J'ai un vieux iBook G4 sous OS 10.4 que je voudrai utiliser pour regarde la télé. Le problème est que lorsque je me connecte sur le site de France télévision pour accéder aux chaines et je clique sur le lien, la page correspondante ne s'affiche pas. Faut-il mettre à jours quelque chose ? merci pour votre aide


----------



## Invité (11 Novembre 2015)

Peut être essayer de choper le flux avec VLC.
Mais avec mon iBook G4@1,2GHz c'était bien insuffisant pour y arriver

Et c'est du Flash non ?
Avec un PPC c'est un peu bof


----------



## Yuls (11 Novembre 2015)

Je me demande si ce n'est pas du Silverlight sur le site de France Télévision...

Mais effectivement, un PPC G4 ca commence à faire juste pour consulter les contenus actuels, web et vidéos sur le web


----------



## Invité (11 Novembre 2015)

Yuls a dit:


> Je me demande si ce n'est pas du Silverlight sur le site de France Télévision...
> 
> Mais effectivement, un PPC G4 ca commence à faire juste pour consulter les contenus actuels, web et vidéos sur le web



A priori, le site que j'ai regardé utilise du Flash, puisqu'il a fallu que je l'active pour voir ce qui se passait.
Je ne sais pas si c'est là-dessus que tente de se connecter *Tichka *


----------



## Locke (11 Novembre 2015)

Au départ je pensais qu'il fallait Flash vu que ça m'annonçait module manquant, mais 2 secondes après...


----------



## Invité (11 Novembre 2015)

Locke a dit:


> Au départ je pensais qu'il fallait Flash vu que ça m'annonçait module manquant, mais 2 secondes après...

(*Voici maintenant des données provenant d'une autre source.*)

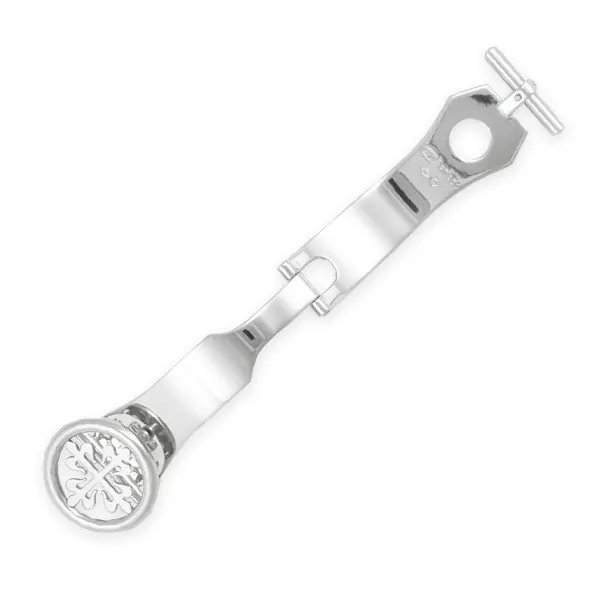 n501694 Silver Clasp Buckle For Patek Philippe - Stainless Steel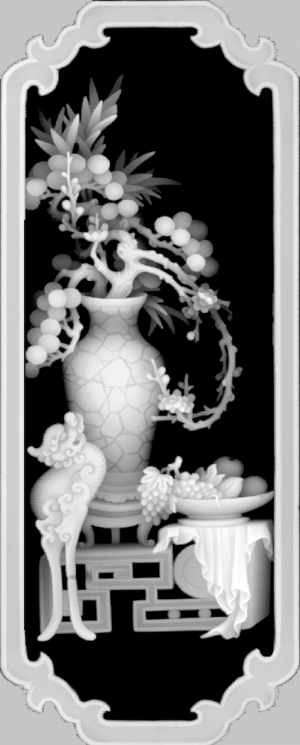 ModernBump Black And White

Oui, je crois que c'est là que je suis allé.
Tu as cliqué pour regarder ?
Perso, je n'avais rien sans avoir activé Flash. Mais je n'ai certainement pas attendu très longtemps avant de le faire…


----------



## Locke (11 Novembre 2015)

Invité a dit:


> Tu as cliqué pour regarder ?


Non, ça c'est déclenché tout seul.


----------



## Tichka (11 Novembre 2015)

Locke a dit:


> Non, ça c'est déclenché tout seul.


Chez moi j'ai le titre de l'émission mais sans la fenêtre vidéo


----------